Segment Start: Data for this exercise

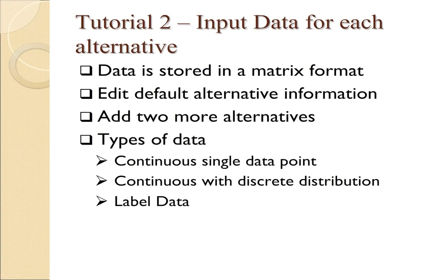In the first tutorial for Logical Decisions, we described how to input the Goals Hierarchy. Now we're going to focus on the individual alternatives and input data for each alternative.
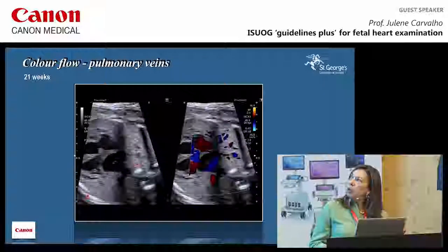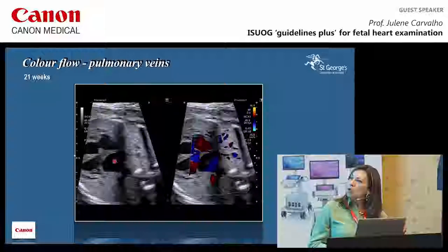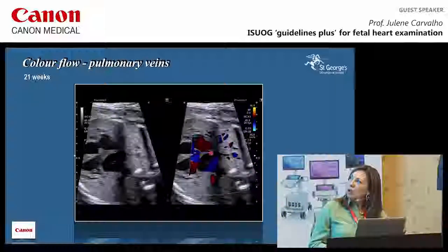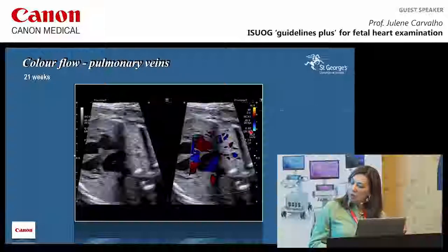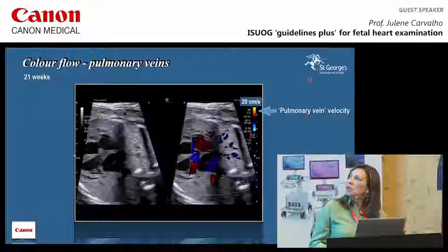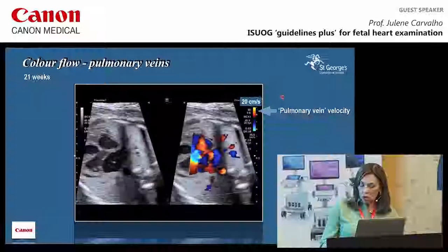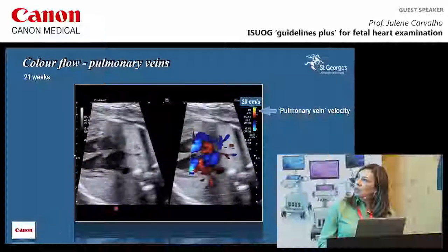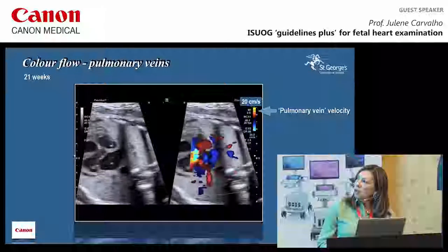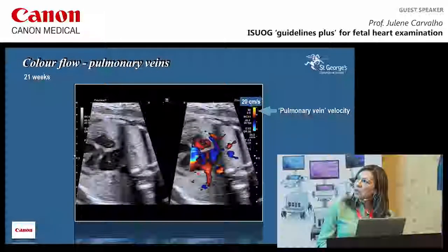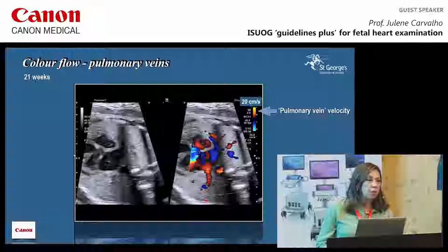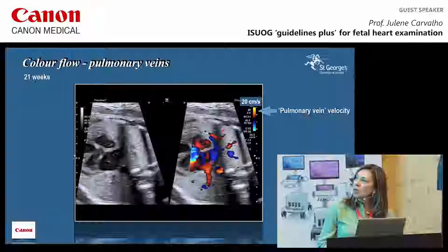When looking at pulmonary veins, shown here in a dual display, you have the left atrium and pulmonary veins coming from the left and right lungs in different colors. The velocity is much lower — about 20 centimeters per second in mid-gestation. You can see a nice display of the pulmonary veins, with flow from the left lung coming in red and the right lung in blue.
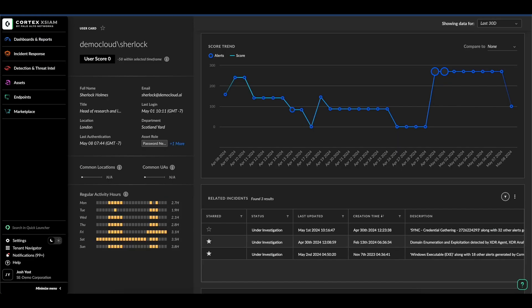Here we see Sherlock's user risk profile powered by Precision AI. It presents essential information at a glance, identity, location, activity hours, role, historical risk score trends, along with other pertinent data such as login and SAS information.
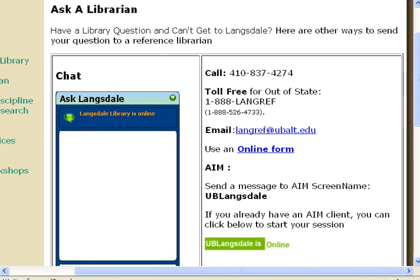If you need further assistance, you can always talk to a librarian at Langsdale, either in person, online, or over the phone.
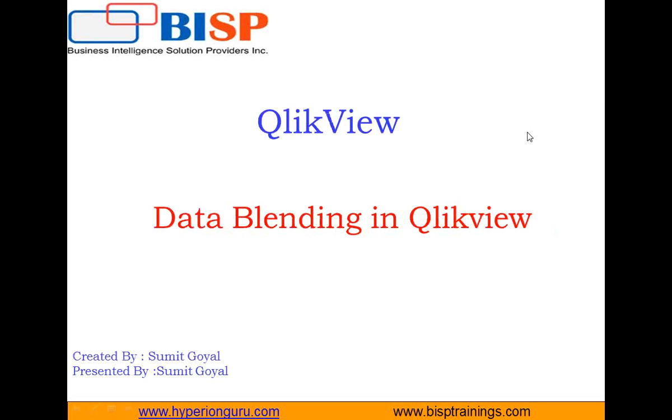Hello everyone. My name is Sumit Goel and I welcome all of you to BISP self-learning video broadcasting solution. I am a QlikView subject matter expert and today I am going to talk about data blending in QlikView.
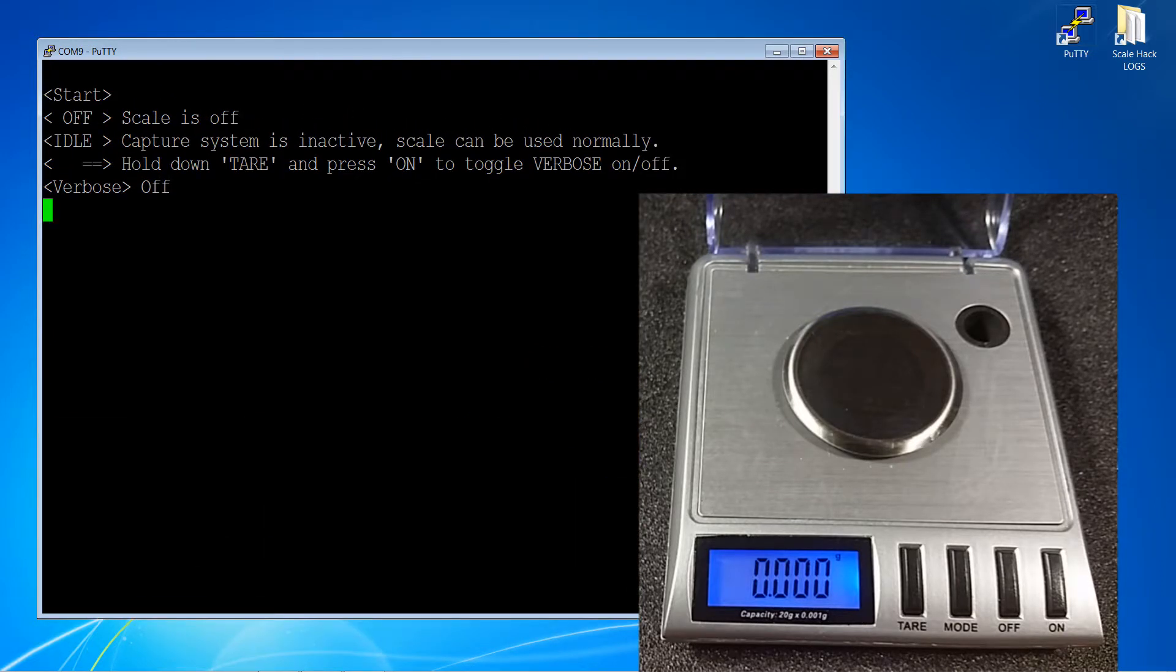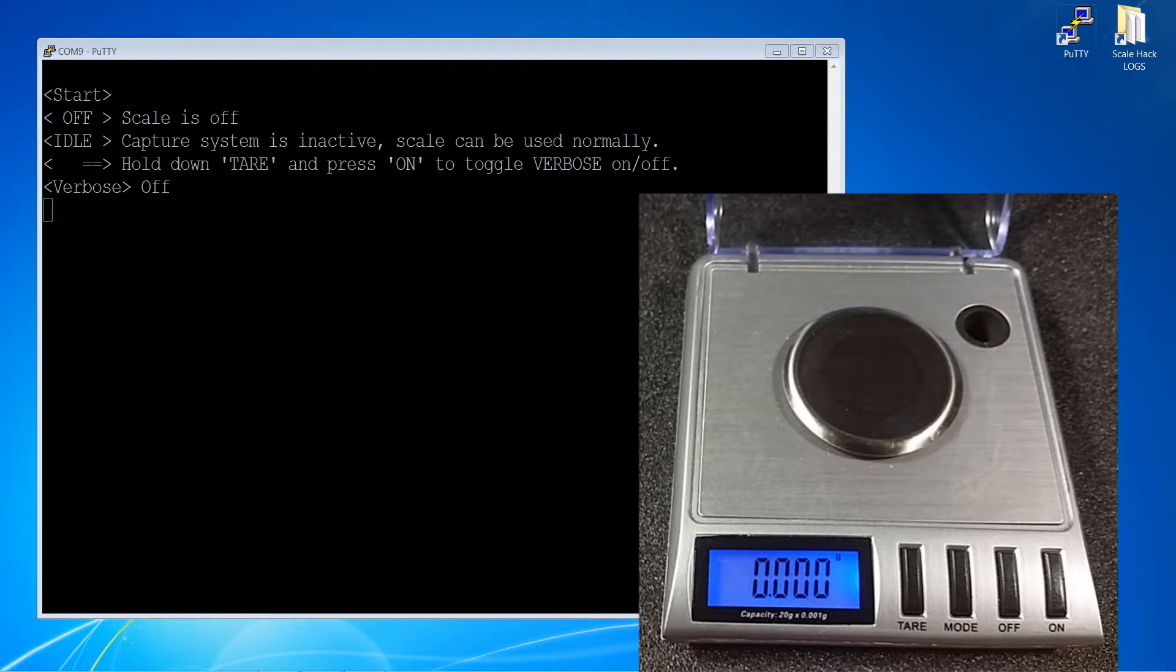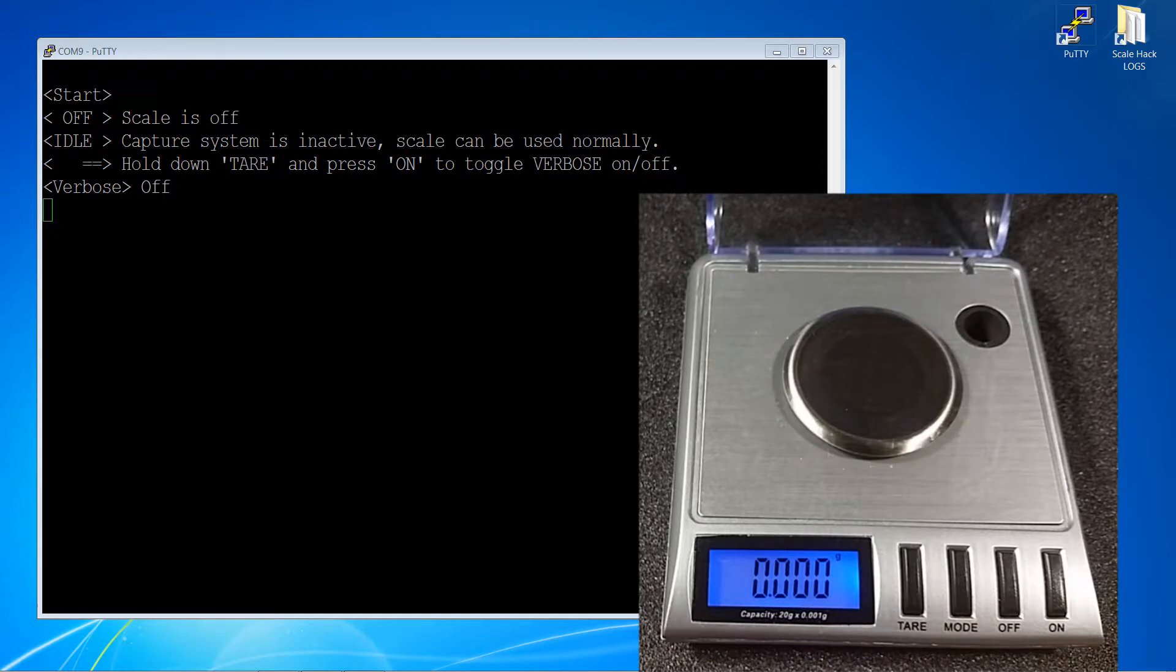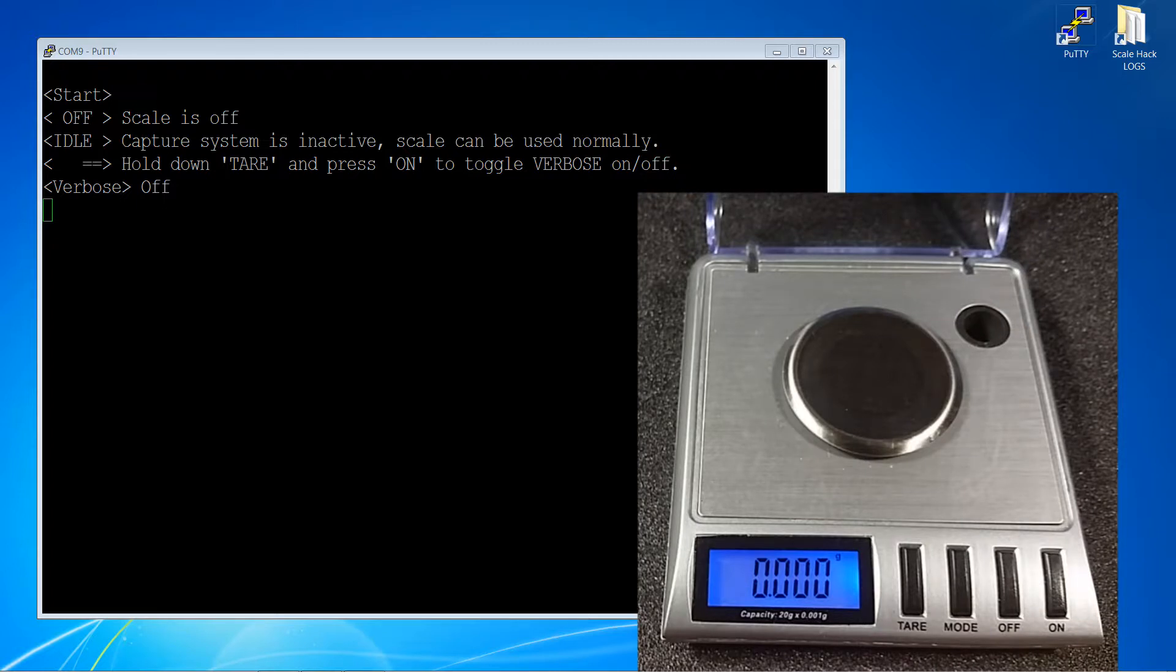The default is off. In the idle state, the scale operates as it did in the unmodified scale where the tare and mode buttons can be used freely. The scale will also shut down after about 64 seconds of inactivity, which is rather inconvenient for data logging. This inactivity timer can be reset by changing weight of at least 10mg over a short time or by pressing the mode button.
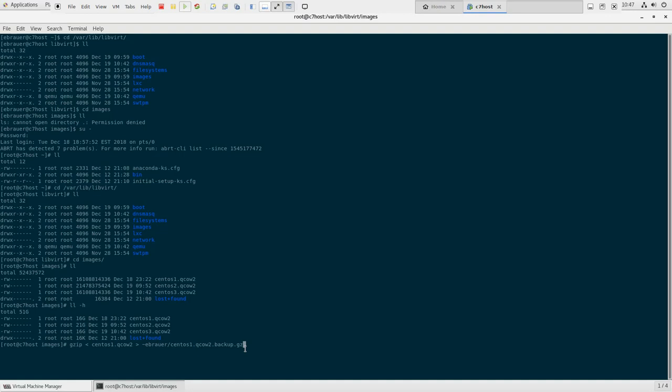If you really want to be watching the process, what you can do is maybe open top or some sort of process manager, and you'll see stuff running in the background. You can do that just to convince yourself that the computer has not actually crashed. But we're going to do this, and then we're going to do it for CentOS 2 and CentOS 3. So I'm going to let that run, and then we'll come back once that process is complete.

Segment End: Data for this exercise

# Problem to solve
The data above holds the lines to copy: start at the one with "If you need", stop at the one with "The default is", include both, copy them exactly without pictures, and copy nothing else.

# Response to the task
If you need further assistance, you can always talk to a librarian at Langsdale, either in person, online, or over the phone.
Hello everyone. My name is Sumit Goel and I welcome all of you to BISP self-learning video broadcasting solution. I am a QlikView subject matter expert and today I am going to talk about data blending in QlikView.
The default is off. In the idle state, the scale operates as it did in the unmodified scale where the tare and mode buttons can be used freely. The scale will also shut down after about 64 seconds of inactivity, which is rather inconvenient for data logging. This inactivity timer can be reset by changing weight of at least 10mg over a short time or by pressing the mode button.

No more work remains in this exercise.